Даже самые значительные по содержанию хоровые песни в его трагедиях, нередко оцениваемые изолированно от их места в драме, предстают далеко не столь однозначными, если постараться понять их в общем контексте произведения. Так, знаменитый 1-й стасим "Антигоны" является, конечно, торжествующей песнью во славу цивилизации и достижений человеческого рода. Но нельзя забывать, что перевод его первого стиха ("Много есть чудес на свете" — в переводе С. Шервинского) очень далек от истинного смысла: прилагательное deinos, которое переведено как "чудеса", на самом деле обозначает нечто "вызывающее удивление, смешанное со страхом", и это значение раскрывается в заключении стасима: все зависит от того, подчиняет ли человек свое поведение вечным божественным законам; если нет, то его гордое самосознание может стать источником бед, как это и выяснится в конце трагедии на примере Креонта.

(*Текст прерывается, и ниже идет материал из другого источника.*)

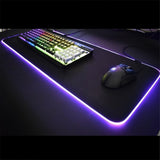 RGB LED Non-Slip Luminous Mouse Pad for Gaming PC Keyboard Cover Base Computer Mat_15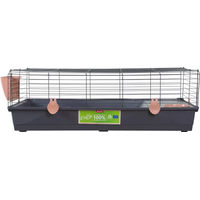 Produktbild von Zolux Ehop Meerschweinchenkäfig und Kaninchenkäfig aus Kunststoff in Grau oder Rosa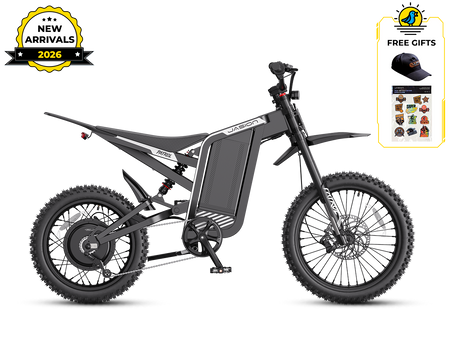 Jasion Patrol 52 Electric Dirt Bike – 4000W, 40 MPH, 52V 30Ah Battery, 50-Mile Range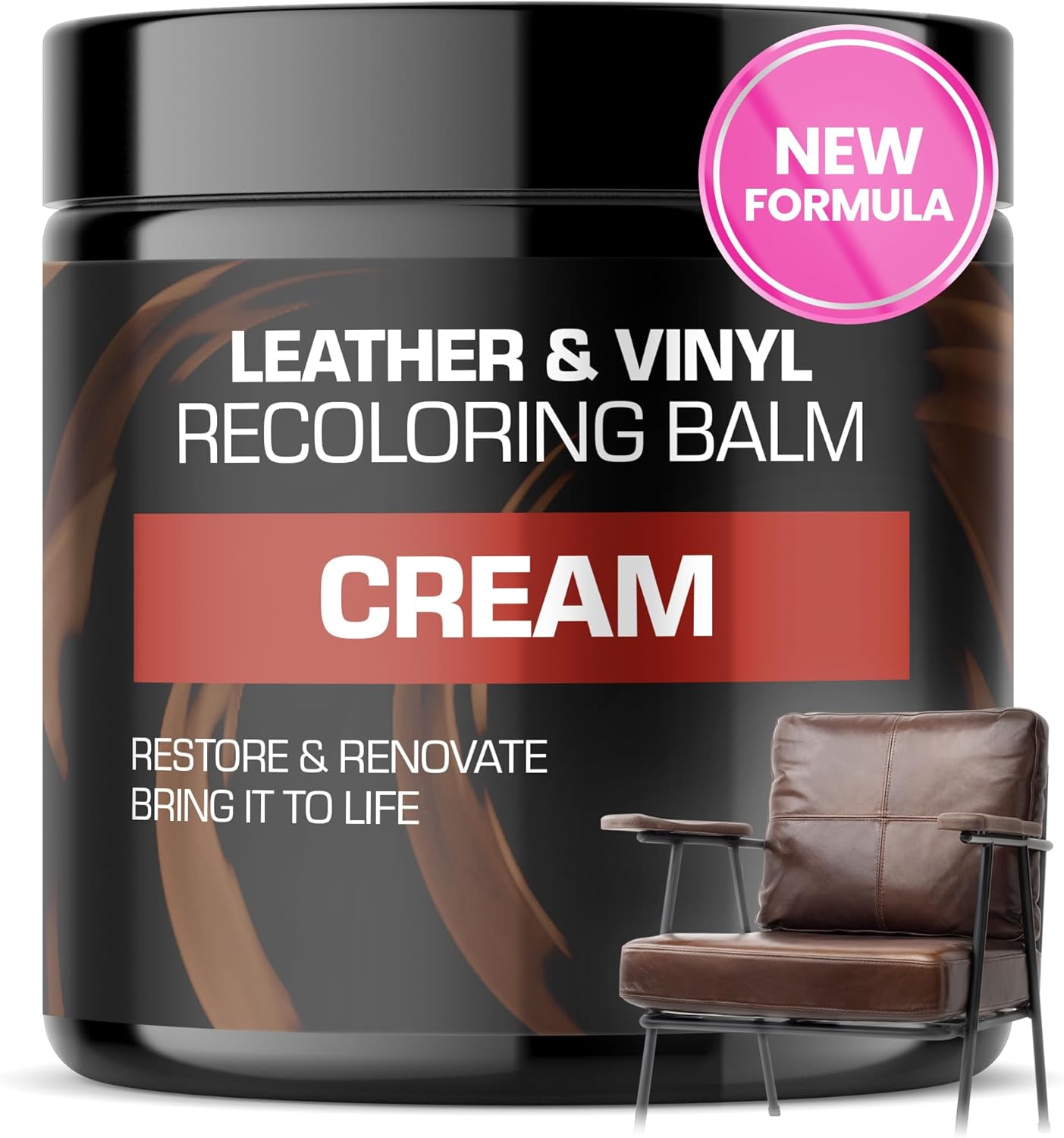 FORTIVO Leather Recoloring Balm, Color Restorer, Scratch Remover, Couch Paint and Repair, Leather Balm for Couches Cream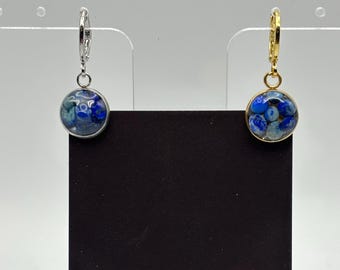 Aros de lapislázuli en oro o plata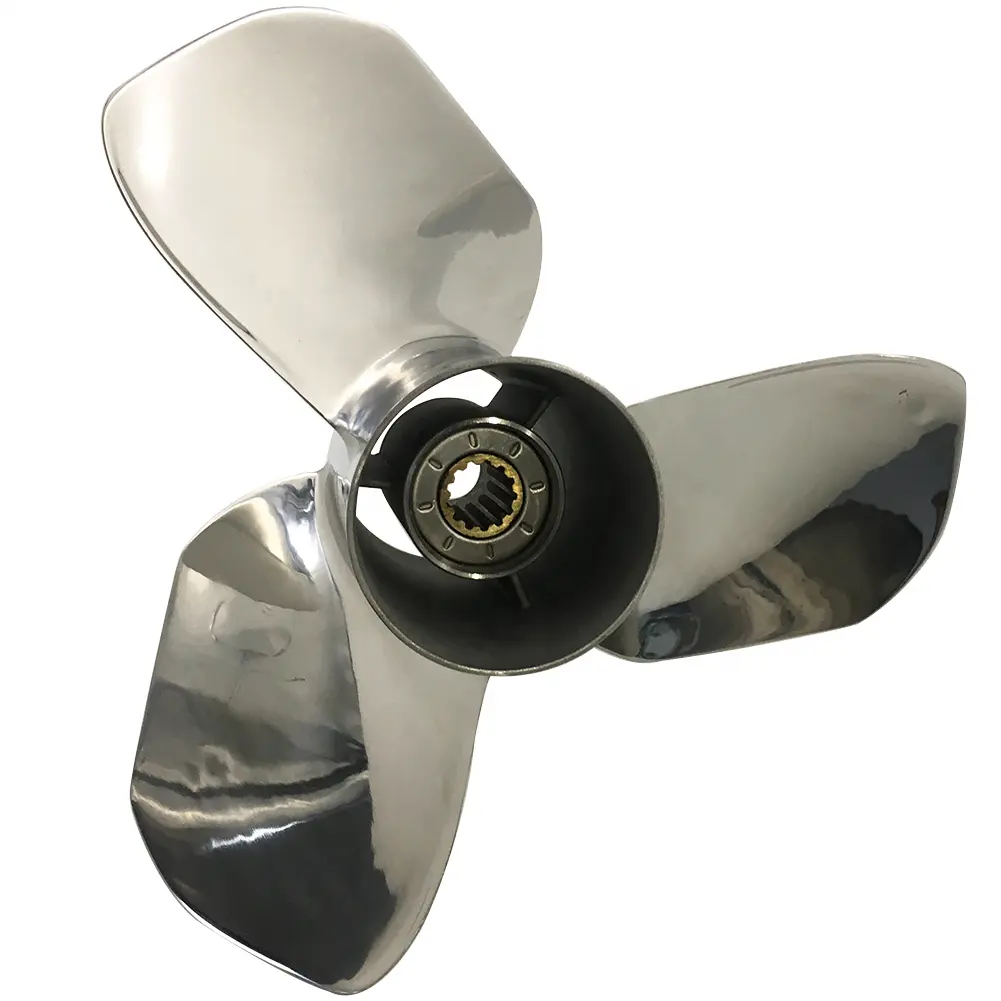 35-60HP 12X13 STAINLESS STEEL OUTBOARD Jet boat Marine Propeller Fit for HONDA engine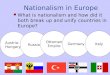 Nationalism in Europe What is nationalism and how did it both break up and unify countries in Europe? Austria- Hungary Russia Ottoman Empire GermanyItaly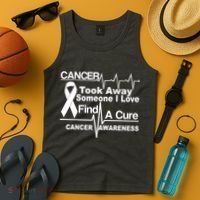 Cancer Took Away Someone I Love Tank Top thumb 4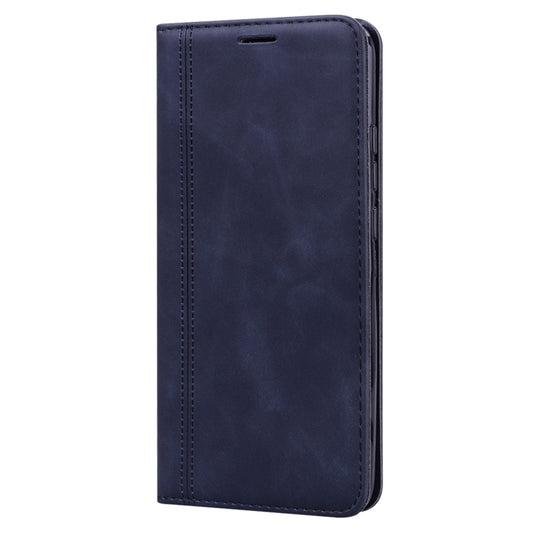For Xiaomi Redmi 9C Frosted Business Magnetic Horizontal Flip PU Leather Case with Holder & Card Slot & Lanyard(Black) - Xiaomi Cases by buy2fix | Online Shopping UK | buy2fix
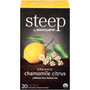 Bigelow steep Tea, Chamomile Citrus Herbal, 1 oz Tea Bag, 20/Box (BTC17707) View Product Image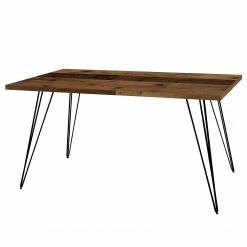 Furnitive Schreibtisch Unieux - Altholz Dekor - Breite: 160 cm - Schwarz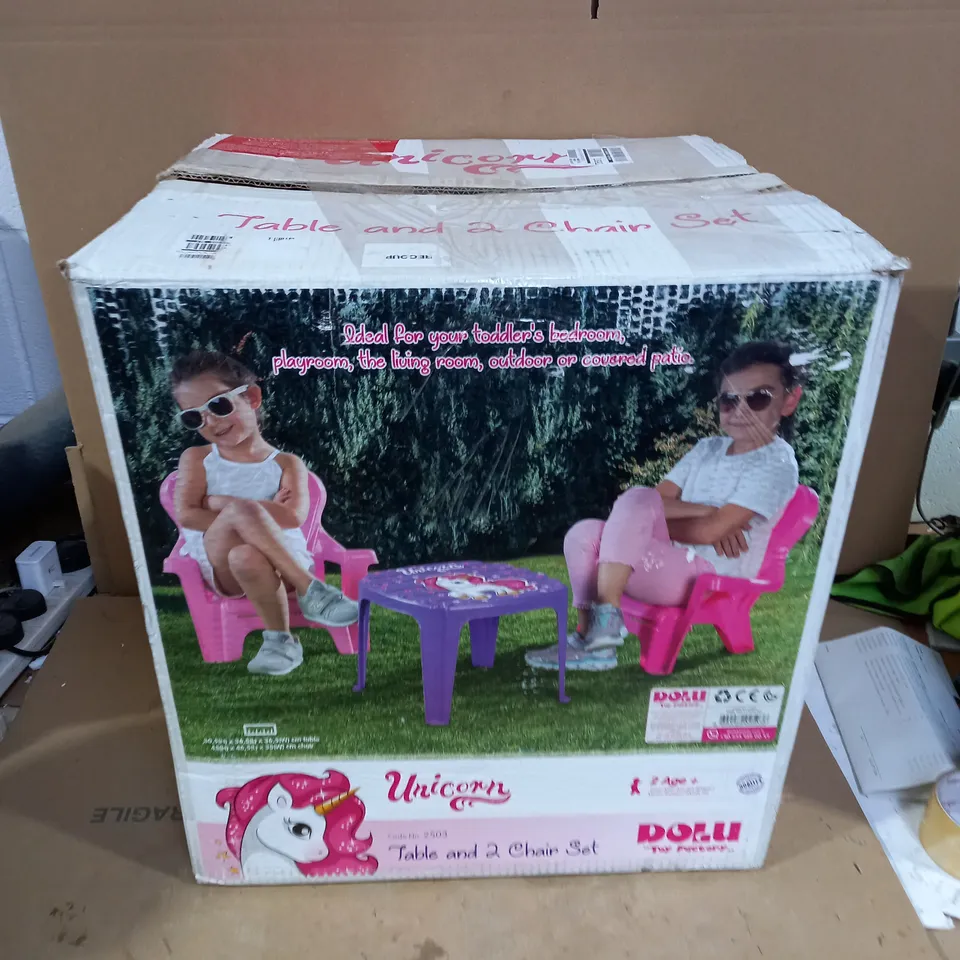 UNICORN TABLE AND CHAIR SET RRP £29.99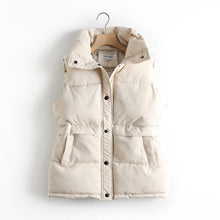 Lade das Bild in den Galerie-Viewer, Brieuces Women&#39;s Korean Style Solid Sleeveless Winter Keep Warm Winter Vest Coat Single Women Breasted Loose Thick Fashion Vest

Другой случай — 2-й стасим из "Царя Эдипа". Не одно поколение филологов пыталось понять, кого из действующих лиц хор укоряет в "гордыне, порождающей тиранию", — называли Иокасту, называли самого Эдипа и в любом случае считали, что этот стасим отражает мысли самого богобоязненного Софокла. Между тем здесь партия хора, не обращенная ни к кому конкретно, служит усилению беспокойства и страха, все больше овладевающих фиванскими старцами: если окажется, что Эдип убил Лая, это будет означать, что царь, спасший Фивы и высоко ценимый гражданами, оскверняет своим присутствием родную землю убитого и тем самым нарушает "законы, рожденные в небесном эфире". С другой стороны, если подтвердится вина Эдипа, этим будет доказана лживость оракула, исходившего от святилища Аполлона и предвещавшего Лаю смерть от рук сына, — где же искать правду? Смятение хора как нельзя кстати в той тревожной атмосфере, которая все более сгущается вокруг Эдипа.
Таким образом, каждая партия хора нуждается в конкретном анализе, определяющем ее место в драматургической структуре целого, и тогда выясняется, что этот коллективный персонаж — не более чем одно из действующих лиц, часто очень тесно связанное с судьбой главных героев и поэтому отнюдь не претендующее на возвещение непреложной и отвлеченной истины.